Search code examples
pythonnetcdfpython-xarraycdo-climate

Can you extract data based on date range for multiple years in a nc file?


I have a nc file consisting of temperature data. I want to extract the temperature for a date range of May 30th to August 18th for the years 2001 to 2018. The time variable is in the following format 2001-01-23. I do not mind if it is in Python or cdo. My data overall looks like this:

<xarray.Dataset>
Dimensions:  (crs: 1, lat: 9, lon: 35, time: 6574)
Coordinates:
  * lat      (lat) float64 50.0 52.5 55.0 57.5 60.0 62.5 65.0 67.5 70.0
  * lon      (lon) float64 177.5 180.0 182.5 185.0 ... 255.0 257.5 260.0 262.5
  * crs      (crs) uint16 3
Dimensions without coordinates: time
Data variables:
    days     (time) datetime64[ns] 2001-01-01 2001-01-02 ... 2018-12-31
    tmax     (time, lat, lon) float32 ...

How can I for every year extract the date range mentioned above?


Solution

  • I typically find the best approach in these cases (where a simple range will not suffice) is to see if I can construct a boolean array with the same length as the time coordinate that is True if the value is a date I'd like to include in the selection, and False if it is not. Then I can pass this boolean array as an indexer in sel to get the selection I'd like.

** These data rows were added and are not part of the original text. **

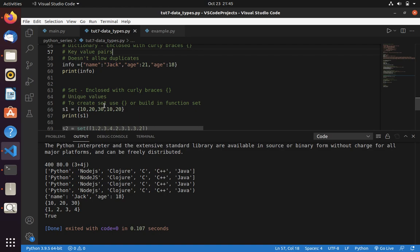Now if you add this in a curly brace, then you can see the difference. It removed the duplicates and printed here. That's 10, 20 and 30. This is the difference. And one more thing you have to notice here is,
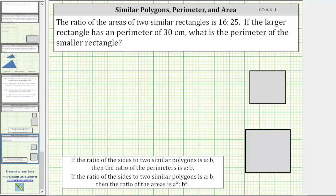And because we are given the ratio of the areas as 16 to 25, this ratio is in the form of a squared to b squared, where the ratio of the perimeters is a to b, which means the ratio of the perimeters is four to five, because four squared equals 16 and five squared equals 25.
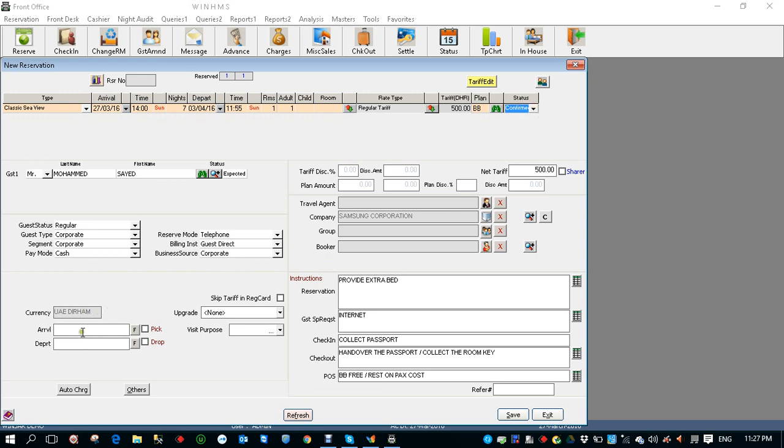Also you can fill the arrival flight details. EK 123, 1600 hours. And if you want to have a pickup you can click the pickup, so that in the pickup and drop list report you will get all this information. Departure, let's say EK 124, 200 hours, and drop is not required.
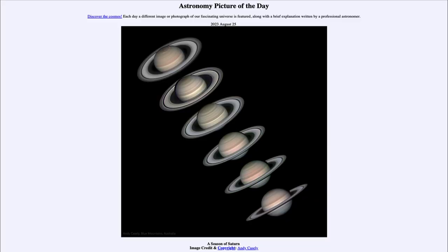Greetings and welcome to the Introduction to Astronomy. One of the things that I like to do in each of my introductory astronomy classes is to begin the class with the Astronomy Picture of the Day from the NASA website, that is apod.nasa.gov/apod.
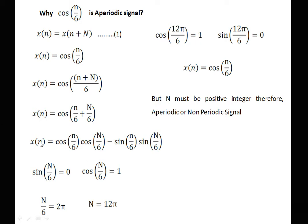To equate this back to cos(n/6), we need cos(N/6) = 1 and sin(N/6) = 0. This is satisfied when N/6 = 2π, giving N = 12π. However, we observe that N = 12π is not an integer.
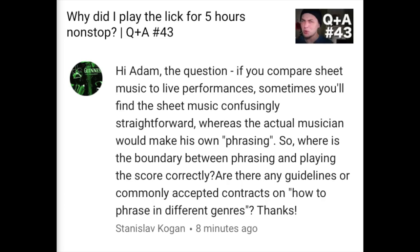Stanislav Kogan writes: If you compare sheet music to live performances, sometimes you'll find the sheet music confusingly straightforward, whereas the actual musician will make his own 'phrasing.' So where's the boundary between phrasing and playing the score correctly? Are there any guidelines or commonly accepted contracts on how to phrase in different genres?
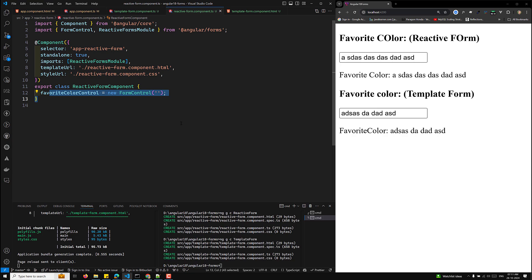That's it about template-driven forms and reactive forms — I've shown you a basic example and the differences between the two. Choosing between reactive and template-driven forms depends on the form's complexity and your control needs. Reactive forms provide more direct access and are better for large applications, while template-driven forms are simpler and useful for quick setups with fewer controls. If you have any doubts or suggestions, please post comments below, and if you like this video please subscribe to my channel.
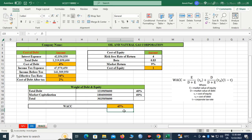We are getting the weighted average cost of capital as 43%. This is how you will have to calculate WACC. If you have not understood, you can replay the video again and again.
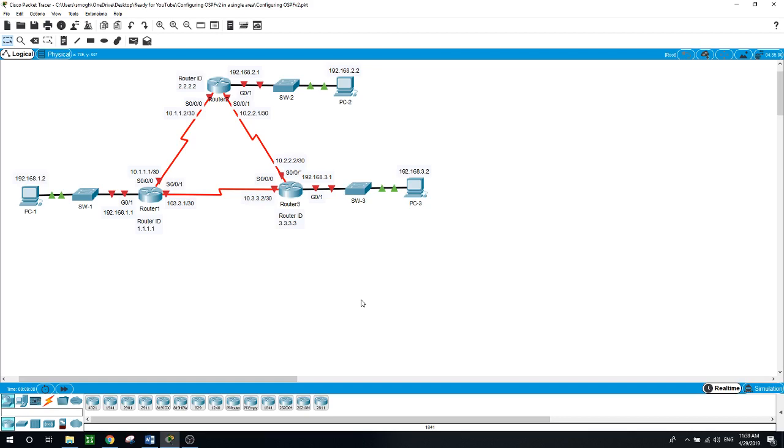At the end, don't forget to run some of the show commands like show IP route, show IP OSPF interfaces,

    For this example I would make use of the dayofyear, year, and is_leap_year attributes of the datetime accessor in xarray:

    import pandas as pd
    
    # Note dayofyear represents days since January first of the year,
    # so it is offset by one after February 28/29th in leap years
    # versus non-leap years.
    may_30_leap = pd.Timestamp("2000-05-30").dayofyear
    august_18_leap = pd.Timestamp("2000-08-18").dayofyear
    range_leap = range(may_30_leap, august_18_leap + 1)
    
    may_30_noleap = pd.Timestamp("2001-05-30").dayofyear
    august_18_noleap = pd.Timestamp("2001-08-18").dayofyear
    range_noleap = range(may_30_noleap, august_18_noleap + 1)
    
    year_range = range(2001, 2019)
    
    indexer = ((ds.days.dt.dayofyear.isin(range_leap) & ds.days.dt.is_leap_year) |
               (ds.days.dt.dayofyear.isin(range_noleap) & ~ds.days.dt.is_leap_year))
    indexer = indexer & ds.days.dt.year.isin(year_range)
    
    result = ds.sel(time=indexer)
    

    The leap year logic is a bit clunky, but I can't think of a cleaner way.